Castro’nun ölümünü kutluyor. Ama babası Leonardo García’nın diktatör
Batista’nın koruması olduğundan ve CIA’in Domuzlar Körfezi’ndeki başarısız
işgal girişiminde aktif olarak yer almış olmasından hiç söz etmiyor. Estefan,
babasının yaptıklarından dolayı suçlanamaz elbette, ama bu sevinç gösterisini
ve kendisini vareden genel bağlamı da gözden kaçırmamak gerekiyor.
Bu çevrelerin dayanışma içerisinde olmasını beklememiz
tabii ki mümkün değil. Bu insanlar, Küba’daki yönetimi devirmek ve
Batistacıların iktidarını yeniden tesis etmek için çok uğraştılar.
Benim Küba’yla dayanışma faaliyetlerim Hindistan’da
başladı. Küba Devrimi hakkında yazılanları okuduktan sonra dayanışma
faaliyetlerine katıldım. Bu süreçte Castro’nun 1983’te Bağımsızlar Hareketi’nin
Delhi’de yaptığı konuşmayı izleme fırsatı buldum.

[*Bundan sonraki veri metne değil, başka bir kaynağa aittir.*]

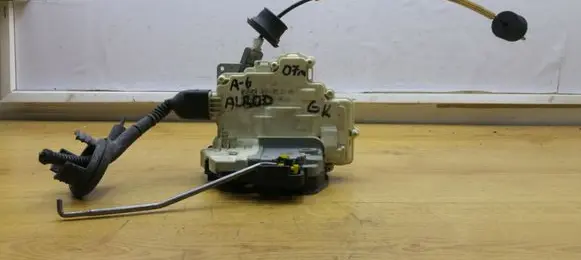Audi A6 Allroad C6 Rear door lock 4F2837015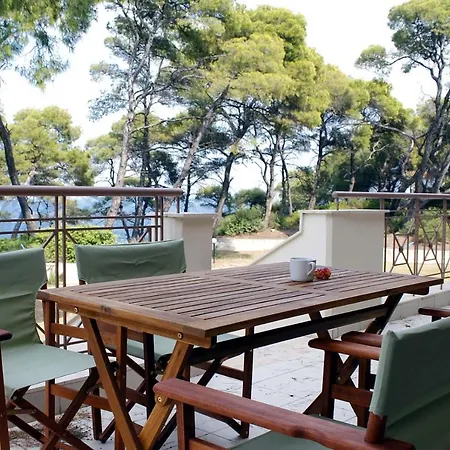 4 Bedroom With Pool And Garden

Küba’nın özel bir dönemden geçtiği doksanlar boyunca
Hindistan Komünist Partisi (Marksist) ve Hindistan Komünist Partisi, on bin ton
buğday ve on bin ton pirinç yetiştirip Küba’ya gönderdi. Yoldaş Harkishan Singh
Surjeet, tüm Pencab’ı gezip çiftçilerden Küba’ya buğday bağışı yapmalarını rica
etti. Tüm mahsul Kalküta limanı üzerinden Havana’ya gitti. Her bir Kübalı,
böylelikle Hint ekmeğinden bir dilim tatma imkânı buldu. Bunun üzerine Castro,
Yoldaş Surjeet’e “Ekmek Adam” demeye başlamıştı. Surjeet, 2008’de vefat edince
Fidel, onu takdir eden yazısında bu ifadeyi tekrar kullandı.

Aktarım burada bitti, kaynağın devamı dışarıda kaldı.